- _PROBLEM_
From the records below, print exactly the lines starting at the one containing "entrance foyer with" and ending at the one containing "Living - 411", ends included, and nothing else.

- _INFORMATION SUPPLIED_
Content starts
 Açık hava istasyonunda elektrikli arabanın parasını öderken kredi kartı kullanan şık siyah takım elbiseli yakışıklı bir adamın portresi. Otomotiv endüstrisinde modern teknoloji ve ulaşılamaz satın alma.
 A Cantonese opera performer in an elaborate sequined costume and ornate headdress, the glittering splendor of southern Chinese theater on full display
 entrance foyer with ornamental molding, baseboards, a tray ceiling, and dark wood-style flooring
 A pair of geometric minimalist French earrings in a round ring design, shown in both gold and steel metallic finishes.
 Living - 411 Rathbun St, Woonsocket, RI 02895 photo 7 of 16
Content ends
Content starts
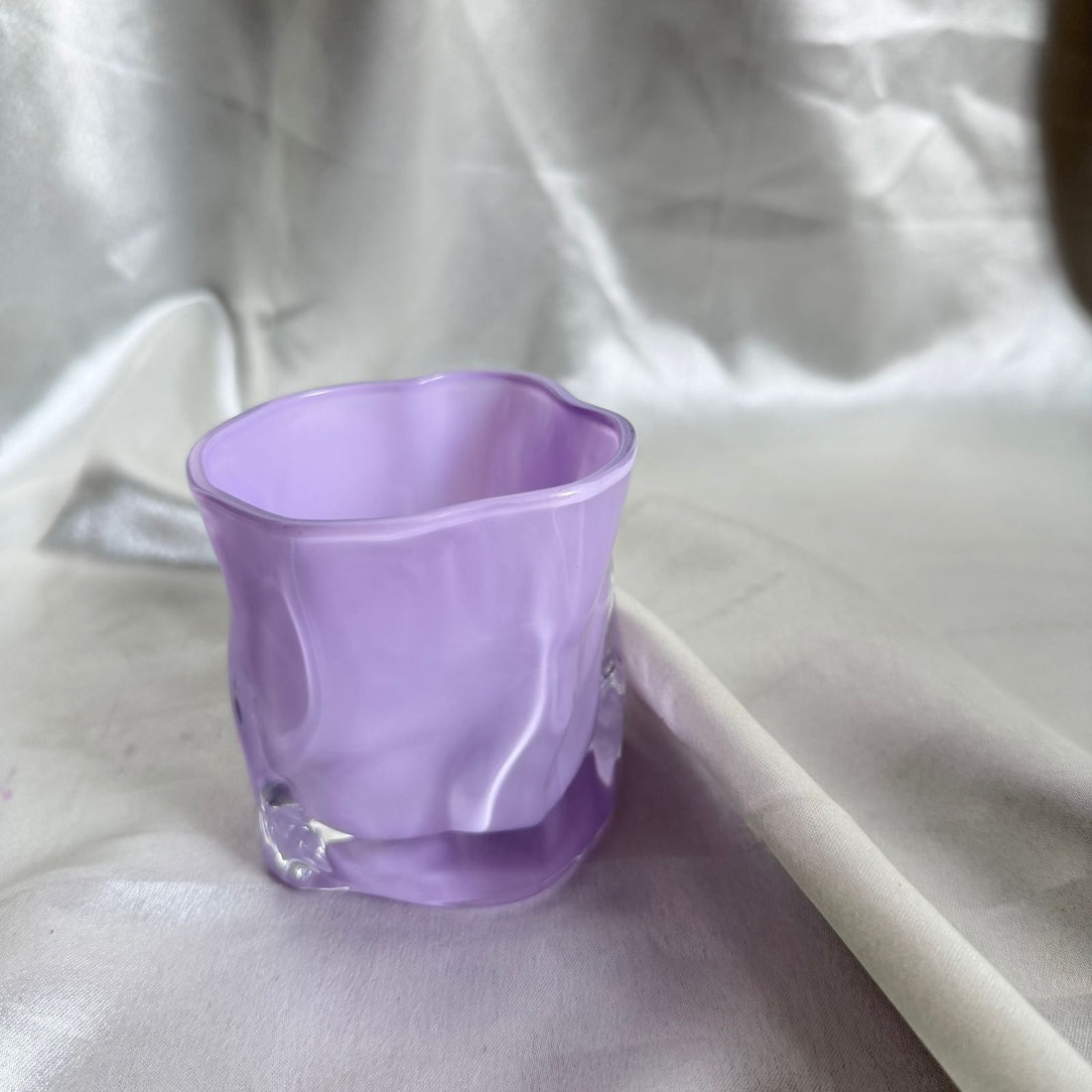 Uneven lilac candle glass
Content ends
- _RESPONSE_
 entrance foyer with ornamental molding, baseboards, a tray ceiling, and dark wood-style flooring
 A pair of geometric minimalist French earrings in a round ring design, shown in both gold and steel metallic finishes.
 Living - 411 Rathbun St, Woonsocket, RI 02895 photo 7 of 16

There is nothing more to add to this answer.